Tempered chocolate goo

Recommended Posts

Just this Sunday I tempered a batch of Callubet bittersweet chocolate for Fluer De Sel caramels and it flowed beautifully. Monday and today I molded with white chocolate and that worked out ok. But today I tried the bittersweet again and it just curled up in the tempering machine several times thicker than Sunday night. I tried it once again thinking that perhaps I had left a drop or two of water in divider, but it was just as bad.

The humidity is 52% even with the air conditioner running and keeping the temp in my basement workshop down to 68 degrees F. Is this just too high? Do I need to make an emergency run for a dehumidifier? I've got three more batches to make for wedding favors for a reception on Saturday and I don't want to have to roll them all in cocoa!

Share this post


Link to post
Share on other sites

I don't know the humidity level in the air that chocolate can handle but the humidity most definitely will make the chocolate seize. I have had this experience on a reasonably cool rainy day where the kitchen window was open and enough humidity got into the kitchen that my chocolate kept seizing.

Sounds like a de-humidifier is what you need, unfortunately!

Hugs Squirrelly Cakes

Share this post


Link to post
Share on other sites

Yup, I'm inclined to agree - humidity thickens the chocolate.
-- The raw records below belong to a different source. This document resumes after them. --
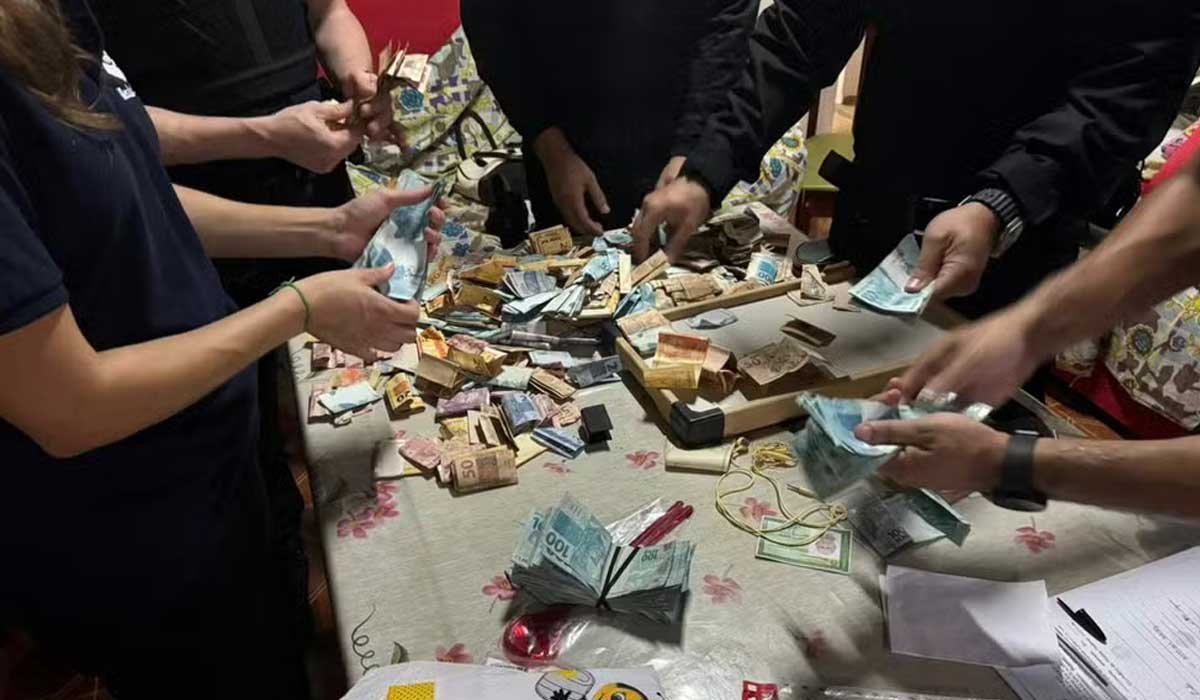 Servidores da Receita Federal são afastados suspeitos de contrabando de eletrônicos e movimentar R$ 70 milhões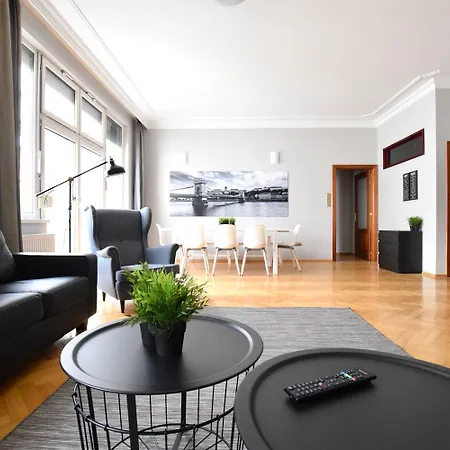 Standard By Hi5- Lovag Apartament *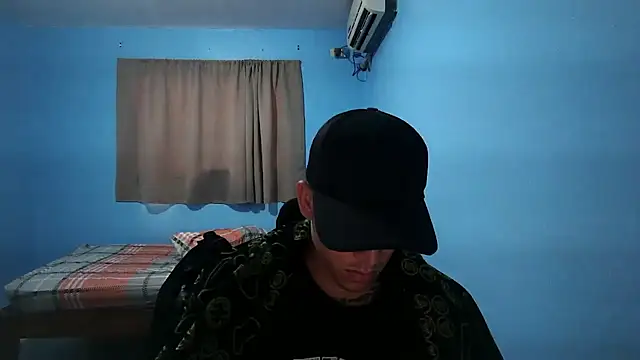 Snapshot of Jaket_lovers chatting on October 2025 06:51:01 PM Jaket lovers online show from October 2025 06:51:01 PM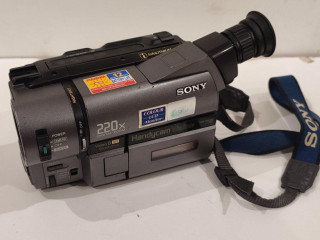 videokamera-sony-ccd-trv-35e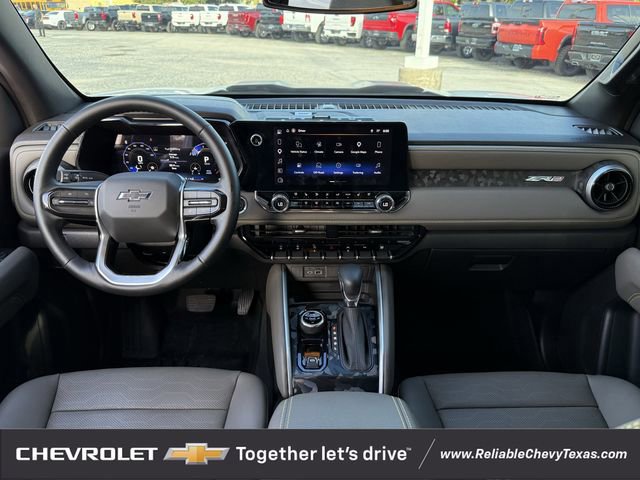 Used 2025 Chevrolet Colorado ZR2 w/ Technology Package AWD/4WD image 12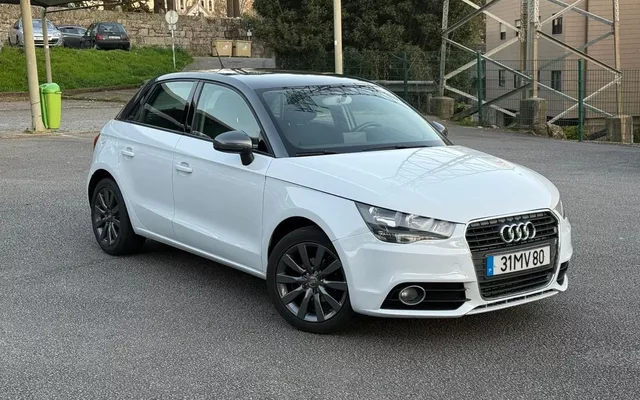 Audi A1 Sportback 1.6 TDI S-line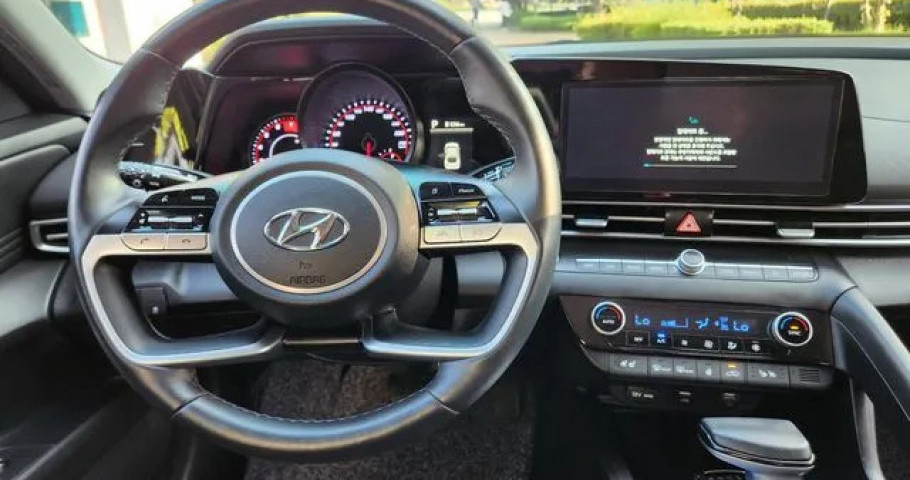 Hyundai Avante (Elantra)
I haven't been tempering anything this week but I was over at a friends yesterday who was putting together a big order of milk chocolates in a room cooled only by a window air conditioner and that chocolate was at the perfect temperature and was thick enough to stand a spoon up in.

I'm tempering tonight but we got a brand new air conditioner and furnace last fall and the humidity remains 45% year round so I'm not anticipating an problems.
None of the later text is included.